The Q3 survey of more than 1,512 finance professionals and more than 150 chief financial officers around the world, found that global confidence is at a 12-month high, boosted by increased prospects of government spending and recoveries in China and North America.
Lindsay Degouve de Nuncques, head of ACCA Middle East, says that business confidence in the Middle East has improved as firms and governments adjust to falling oil prices.
She said: “The confidence survey highlights that falling state spending and business investment since the fall in oil prices continues to offer a downbeat outlook for many firms in the Middle East, although many are feeling optimistic that they are over the worst.
“Despite the improvements we have seen, ultimately regional business confidence is the lowest anywhere outside Africa or the Caribbean, with 44 per cent reporting worsening conditions”

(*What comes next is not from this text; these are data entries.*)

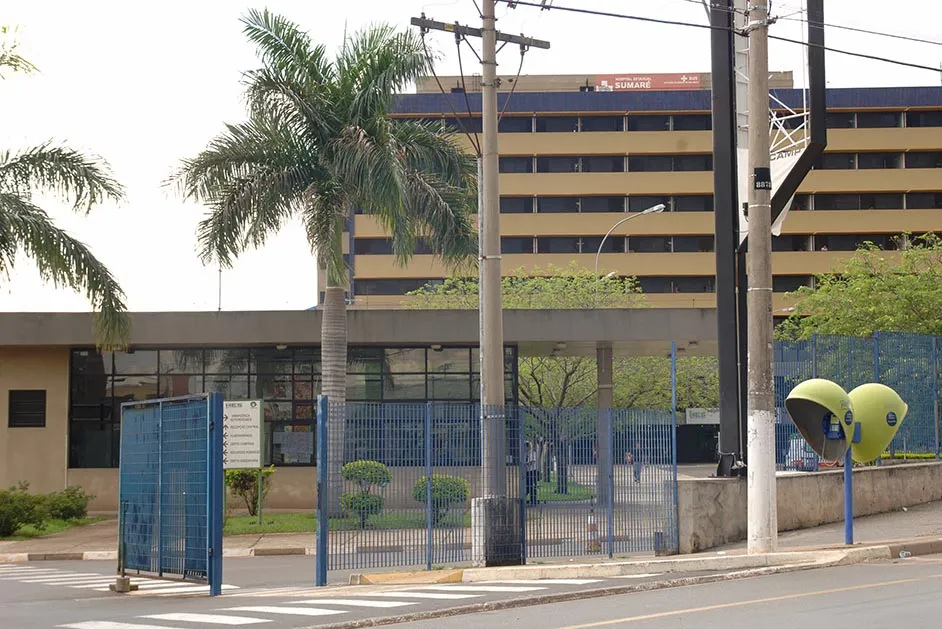 Fachada do Hospital Estadual de Sumaré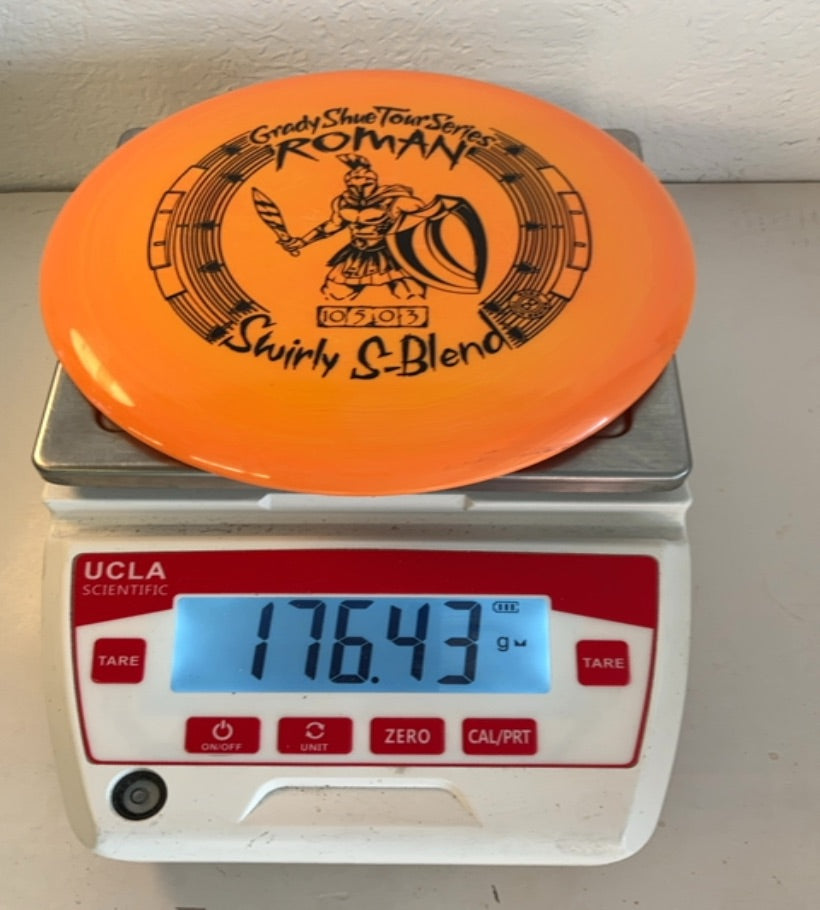 Infinite Discs-Swirly S-Blend-Roman-Orange-176.43g PRE-OWNED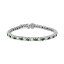 ե 쥯 ǥ ֥쥹åȡХ󥰥롦󥯥å ꡼ EFFY® Emerald (2-5/8 ct. t.w.) & Diamond (2-1/6 ct. t.w.) Tennis Bracelet in 14k White Gold Emerald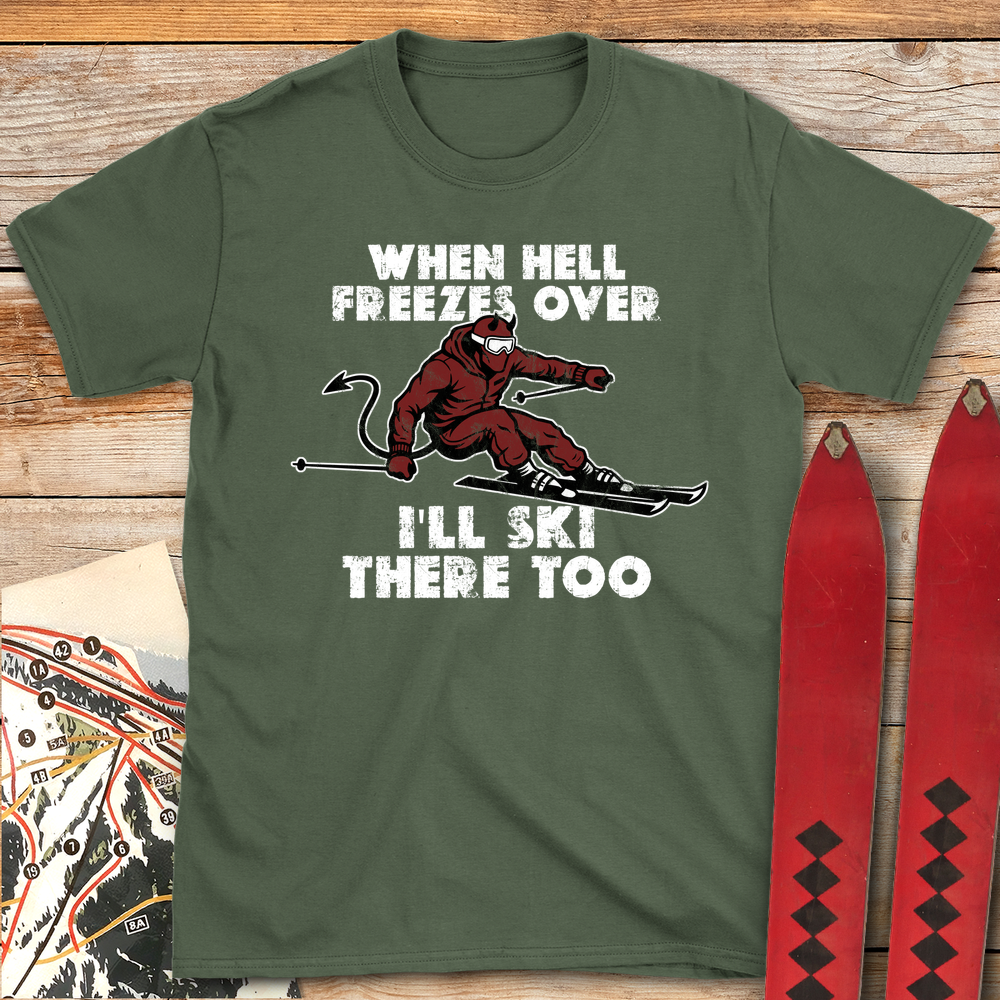 939 When Hell Freezes White - Military Green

Degouve de Nuncques does think, however, that UAE is in a stronger position than many other regional economies. She added: “The UAE is starting to reap some of the benefits after some tight fiscal measures following the oil price slump. The budget is now in surplus, which means that businesses are feeling more confident that investment may no longer continue to fall and may even start to improve.”
While the biggest concern for the Middle East remains oil prices rather than political shocks such as the UK’s Brexit vote, the US elections in November could have a more global impact.
“Despite fears that Brexit could unsettle the global markets, so far this has not been the case,” said Degouve de Nuncques. “Given the uncertainty surrounding the US elections in November, the outcome and response of the new president will be significant for the future prospects of global free trade.”